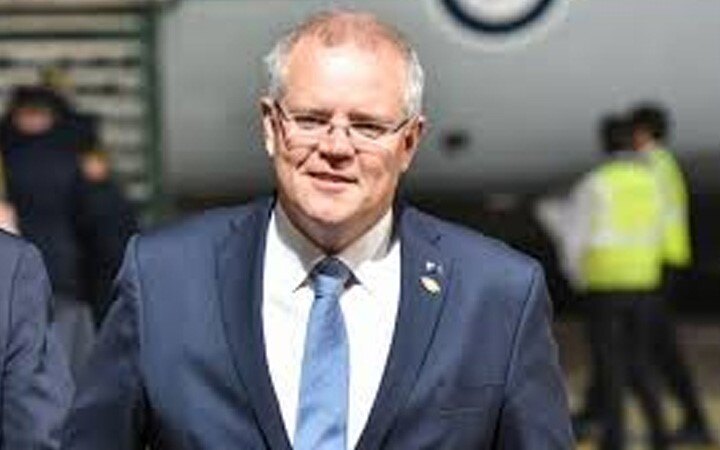 Australian has beaten 3rd wave pandemic: PM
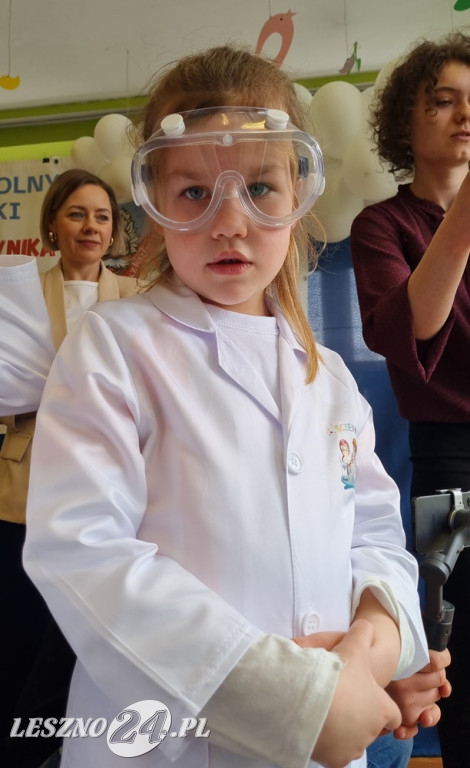 X Międzyprzedszkolny Festiwalu Nauki w PM nr 8 w Lesznie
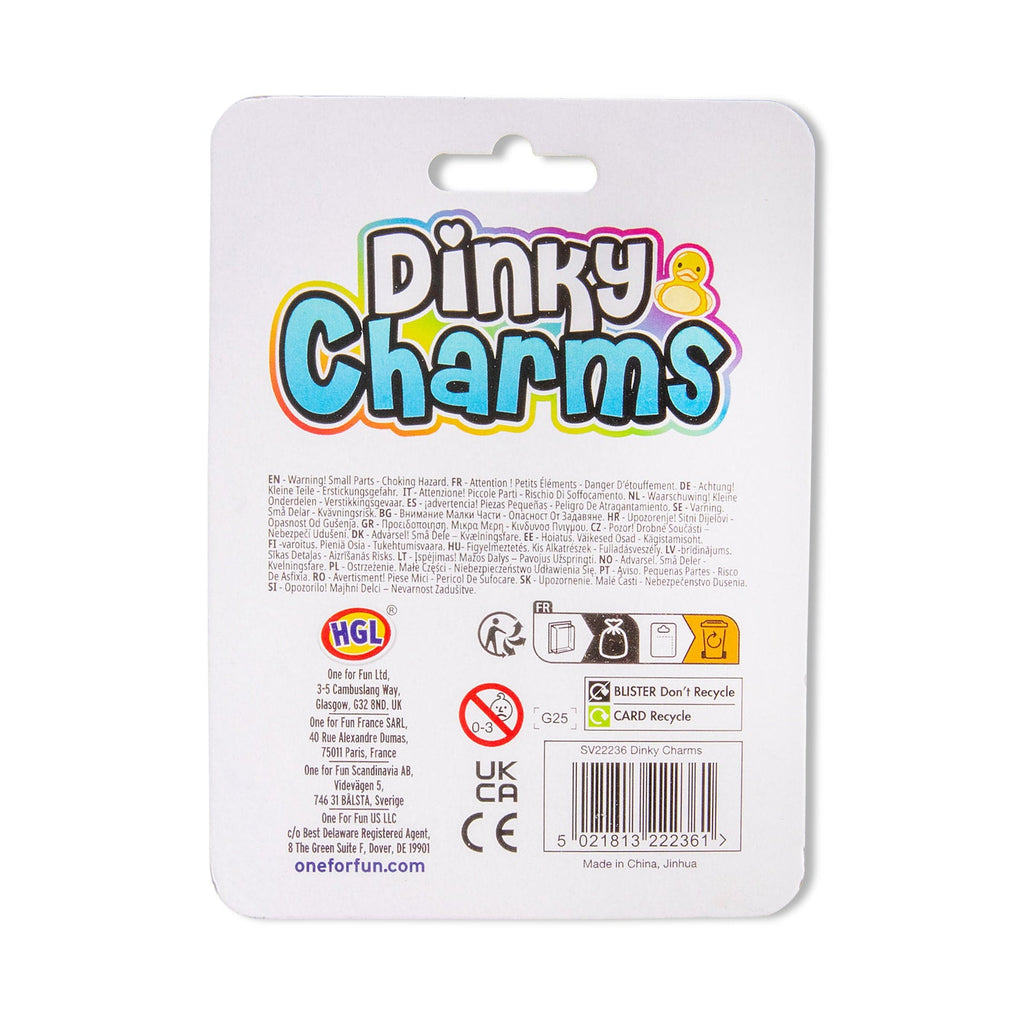 24PK DINKY CHARMS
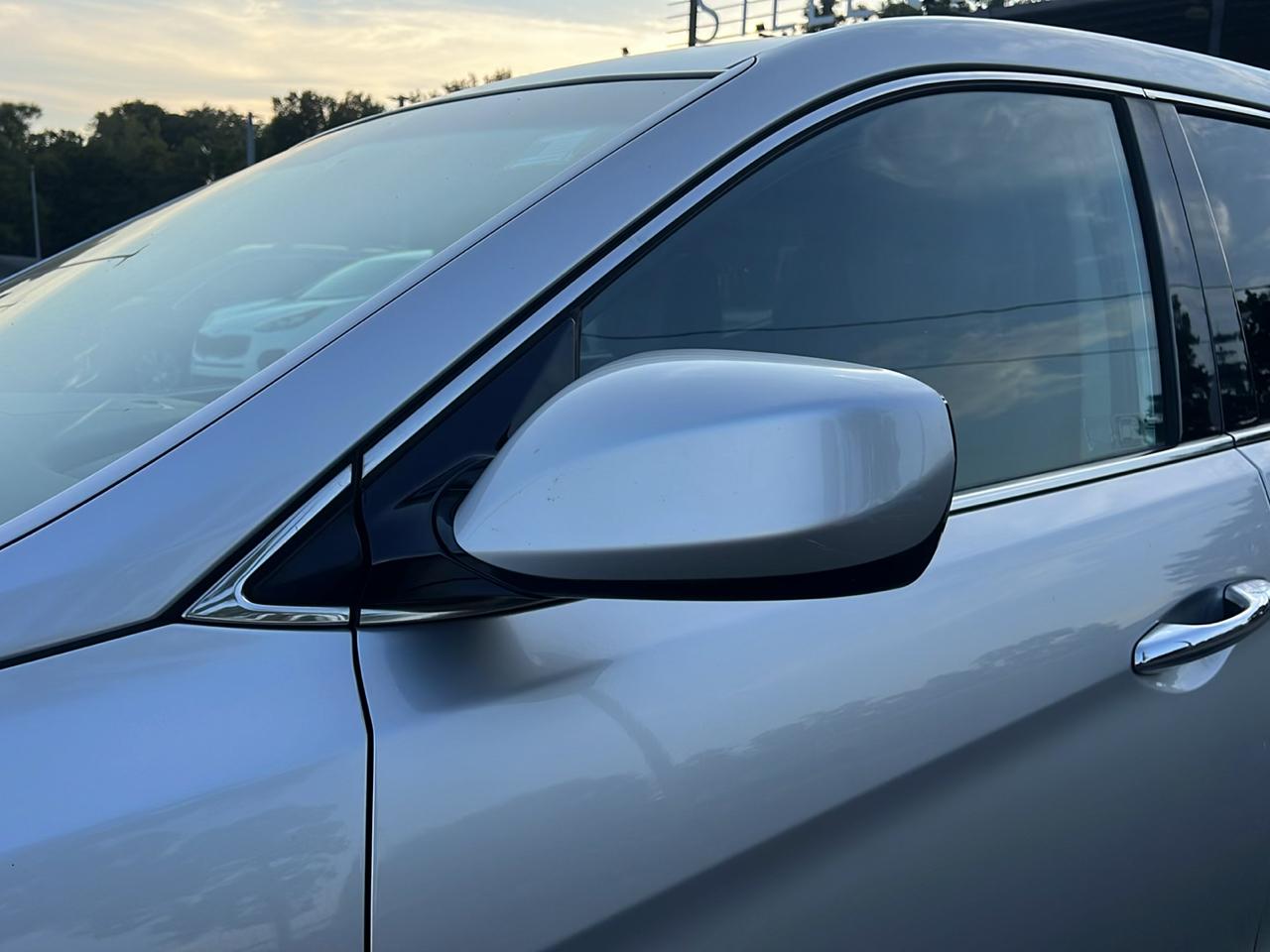 Hyundai Santa Fe  2017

▸ Your objective: Reproduce the data above word for word, but leave the images out.

▸ Expected answer:
 Australian has beaten 3rd wave pandemic: PM
 X Międzyprzedszkolny Festiwalu Nauki w PM nr 8 w Lesznie
 24PK DINKY CHARMS
 Hyundai Santa Fe  2017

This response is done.